Your question in full: My husband was getting out of his parked car and as he opened his door, a passing car in the opposite direction hit the car's door. There was a parked car across the street, so the passing car was trying to make it through the narrow space and barely nicked my husband's car door. My husband's car is fine, but the other car has a lot of damage to the side and side mirror. Who is at fault in this scenario?

State laws differ, but typically it would be your husband's fault in this scenario.

Normally, if you open your door into traffic, you are the one who has to take extra care to assure that a passing car won't hit your car door. Your husband then would be responsible to make certain he could open his door and get out safely.

If the passing car's driver was driving over his line or driving carelessly, then it's possible that both that car's driver and your husband may both be found partially at-fault for the incident.

Many states have comparative negligence laws. With comparative negligence, it's possible that both can be assigned some fault in the accident by the car insurance companies involved.
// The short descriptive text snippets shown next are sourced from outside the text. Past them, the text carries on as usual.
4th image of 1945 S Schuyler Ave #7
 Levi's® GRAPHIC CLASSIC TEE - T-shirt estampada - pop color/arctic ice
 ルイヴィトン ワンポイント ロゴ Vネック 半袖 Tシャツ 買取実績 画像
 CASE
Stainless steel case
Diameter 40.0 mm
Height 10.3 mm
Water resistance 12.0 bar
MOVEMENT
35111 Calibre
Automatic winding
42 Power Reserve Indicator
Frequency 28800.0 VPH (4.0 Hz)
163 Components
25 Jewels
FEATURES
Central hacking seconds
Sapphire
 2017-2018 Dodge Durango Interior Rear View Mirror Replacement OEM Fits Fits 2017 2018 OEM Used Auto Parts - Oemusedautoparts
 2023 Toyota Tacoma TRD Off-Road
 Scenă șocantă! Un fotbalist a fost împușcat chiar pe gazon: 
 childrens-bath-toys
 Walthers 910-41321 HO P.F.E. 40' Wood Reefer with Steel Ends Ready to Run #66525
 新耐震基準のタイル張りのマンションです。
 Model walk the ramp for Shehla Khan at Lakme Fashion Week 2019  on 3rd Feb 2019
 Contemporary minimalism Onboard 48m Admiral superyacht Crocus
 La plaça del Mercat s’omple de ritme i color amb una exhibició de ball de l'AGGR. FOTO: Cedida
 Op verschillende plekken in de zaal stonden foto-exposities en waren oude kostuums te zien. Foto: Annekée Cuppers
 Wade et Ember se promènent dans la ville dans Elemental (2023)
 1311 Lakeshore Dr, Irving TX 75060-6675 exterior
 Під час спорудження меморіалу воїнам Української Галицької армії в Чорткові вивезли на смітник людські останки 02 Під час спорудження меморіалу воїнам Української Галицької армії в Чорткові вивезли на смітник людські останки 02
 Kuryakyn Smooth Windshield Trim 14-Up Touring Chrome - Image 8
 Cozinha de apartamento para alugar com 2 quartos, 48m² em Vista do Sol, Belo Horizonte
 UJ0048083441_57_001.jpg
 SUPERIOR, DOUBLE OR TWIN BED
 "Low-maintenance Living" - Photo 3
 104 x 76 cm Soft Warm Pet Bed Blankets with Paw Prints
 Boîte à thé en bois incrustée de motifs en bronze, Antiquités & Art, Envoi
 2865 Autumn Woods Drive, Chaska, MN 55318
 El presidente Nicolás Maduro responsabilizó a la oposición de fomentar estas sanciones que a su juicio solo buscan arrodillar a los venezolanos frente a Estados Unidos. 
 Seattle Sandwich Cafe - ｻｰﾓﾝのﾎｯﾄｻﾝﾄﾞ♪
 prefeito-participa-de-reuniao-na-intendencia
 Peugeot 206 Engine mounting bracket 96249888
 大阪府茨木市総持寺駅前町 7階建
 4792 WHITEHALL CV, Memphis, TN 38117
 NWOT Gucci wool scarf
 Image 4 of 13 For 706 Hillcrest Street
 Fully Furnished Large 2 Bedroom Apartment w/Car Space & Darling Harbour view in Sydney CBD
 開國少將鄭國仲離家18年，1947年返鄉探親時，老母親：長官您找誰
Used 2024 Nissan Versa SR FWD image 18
In general, negligence is defined by auto insurance companies as failure to exercise the care required of a reasonable and prudent person in any given circumstance.

Even if there is negligence found in the other party's actions, it's likely your husband would still be found the one most at fault,and thus the one whose car insurance company would pay for the damage to the other car -- just for the percentage he was found at fault.

If your husband was found to be only 70 percent at fault, than 70 percent of the other party's damages would be paid under the property damage liability portion of your car insurance policy.

Luckily your car didn't sustain damage, so you wouldn't need to make a collision claim.

You can contact your insurance agent to notify them of the accident and discuss your state's negligence laws and how fault may be determined.